A Pennsylvania federal judge has vacated the murder conviction of a man who’s spent more than 20 years on death row, saying the government built the case around “shaky” eyewitness identification and withheld evidence.
The prisoner, James Dennis, was represented by a team of lawyers from Arnold & Porter, which provided pro bono service in the long fight to exonerate Dennis.
"The Commonwealth of Pennsylvania has committed a grave miscarriage of justice in convicting Dennis and sentencing him to die for this crime," Judge Anita Brody of U.S. District Court for the Eastern District of Pennsylvania wrote in her August 21 ruling.
Dennis was convicted for the 1991 killing of 17-year-old Chendell Williams based solely on eyewitness testimony, Brody said.

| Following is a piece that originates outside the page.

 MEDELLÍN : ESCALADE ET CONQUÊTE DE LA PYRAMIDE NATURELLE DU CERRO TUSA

In October 1992, Dennis was sentenced to death. Brody wrote that his "prosecution was based on scant evidence at best" and "in the process, the Commonwealth covered up evidence that pointed away from Dennis."
The conviction was overturned after it was revealed that, among other things, Pennsylvania prosecutors withheld multiple pieces of evidence from the defense, violating Dennis' right to due process and Brady v. Maryland, the judge said. Dennis was the only person arrested or convicted for the homicide.

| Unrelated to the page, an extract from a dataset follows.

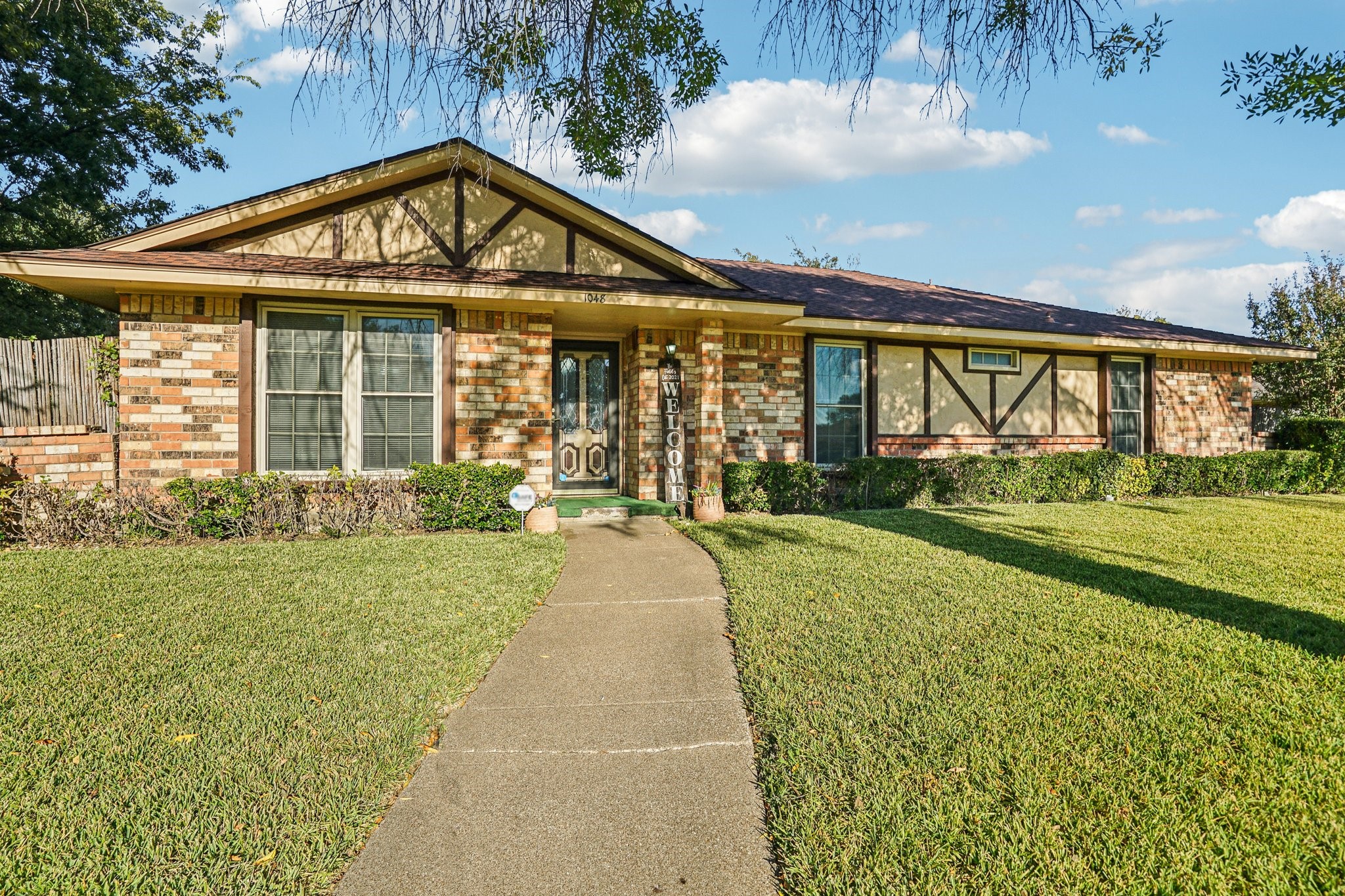 1048 Sherod Drive Desoto TX 75115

Brody wrote: "Dennis’ conviction was based solely on shaky eyewitness identifications from three witnesses, the testimony of another man who said he saw Dennis with a gun the night of the murder, and a description of clothing seized from the house of Dennis’ father that the police subsequently lost before police photographed or catalogued it."
The judge also said “there were numerous flaws with the investigation and prosecution of this crime, flaws that significantly diminish confidence in the outcome.”
In 1999, a team from Arnold & Porter—counsels Ryan Guilds and Rebecca Gordon, staff attorneys Amy Rohe and Meghan Martin, associate Ingrid Epperly and partner James Cooper—took Dennis' state habeas appeal as a pro bono case.
"Most of us were first years when we took the case back in 1999," Guild said. The Arnold & Porter attorneys got new discovery and looked into the original charges. In all, they found evidence of inadequate representation by trial counsel and alleged prosecutorial misconduct.
“It's truly overwhelming for the lawyers who have been on this case and it has served as the backbone for our pro bono work,” Guild said. He added that the team would continue to represent Dennis and encouraged young lawyers to take pro bono cases like Dennis’.
Pennsylvania has 180 days to retry Dennis or set him free, Brody said. The state could also decide to challenge Brody’s ruling on appeal.